Pythonic way to convert an integer into a hex-escaped string

Question

What is the most pythonic way to convert an integer into a hex-escaped string?

0 -> '\x00'

15 -> '\x0f'

0xdeadbeef -> '\xde\xad\xbe\xef'

Answer 1

There's no way to do what you want directly, but it's not that hard to do yourself.

For example, you can convert the whole int to hex, then insert a \x character before every pair of characters:

n = 0xdeadbeef
x = format(n, 'x')
s = re.sub('(..)', r'\\x\1', x)
# or s = ''.join(r'\x{}{}'.format(*b) for b in pairwise(x))
# or s = ''.join(r'\x' + x[i:i+2] for i in range(0, len(x), 2))

Or you could pull off a byte at a time and format them yourself:

x = []
while n:
    x.append(n % 256)
    n //= 256
s = ''.join(r'\x{:02x}'.format(b) for b in reversed(x))

Which of those is most Pythonic?

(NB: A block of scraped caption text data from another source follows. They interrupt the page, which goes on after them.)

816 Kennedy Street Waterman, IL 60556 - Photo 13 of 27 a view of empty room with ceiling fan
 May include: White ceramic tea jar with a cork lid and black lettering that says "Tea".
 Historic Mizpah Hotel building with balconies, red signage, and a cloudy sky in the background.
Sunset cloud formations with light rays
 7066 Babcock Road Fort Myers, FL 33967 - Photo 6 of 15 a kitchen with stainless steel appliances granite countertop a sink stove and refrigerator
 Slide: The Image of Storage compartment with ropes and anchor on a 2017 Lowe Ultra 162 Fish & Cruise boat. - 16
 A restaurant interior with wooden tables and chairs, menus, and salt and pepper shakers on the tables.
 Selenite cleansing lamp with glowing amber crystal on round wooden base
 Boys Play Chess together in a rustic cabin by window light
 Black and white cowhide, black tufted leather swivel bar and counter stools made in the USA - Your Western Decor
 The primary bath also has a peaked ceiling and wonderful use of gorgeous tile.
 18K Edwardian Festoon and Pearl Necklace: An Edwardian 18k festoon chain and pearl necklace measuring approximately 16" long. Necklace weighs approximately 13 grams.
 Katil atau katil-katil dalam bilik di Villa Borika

I think they're all simple enough that if you wrapped them up in a function with an appropriate name, nobody would complain, but all complicated enough that if you just inlined them into your code, it wouldn't be very pythonic. (I'd personally use the pairwise version, just because I always think of itertools first, but that's just me.)

Answer 2

It's a bit ambiguous whether you want the 1-byte string '\x0f' or the 6-byte string "'\\x0f'" (ie. a string which looks like '\x0f' when printed). In case you meant the former, here's one way to do that:

s = '%x' % 0xdeadbeef
binascii.unhexlify('0' + s if len(s) % 2 else s)

Answer 3

Not sure how 'pythonic' that is, but here's a solution using a recursive function:

def uint_tuple_to_bytes(t):
        if t[0] < 0x100:
                return t
        else:
                return uint_tuple_to_bytes(divmod(t[0], 0x100) + t[1:])

def uint_to_bytes(i):
        return uint_tuple_to_bytes((i,))

def uint_to_binary_string(i):
        return ''.join(chr(byte) for byte in uint_to_bytes(i))

(Inspired by the second part ("pull off a byte at a time") of abarnert's answer and by msvalkon's answer to 'How to split 16-bit unsigned integer into array of bytes in python?'.)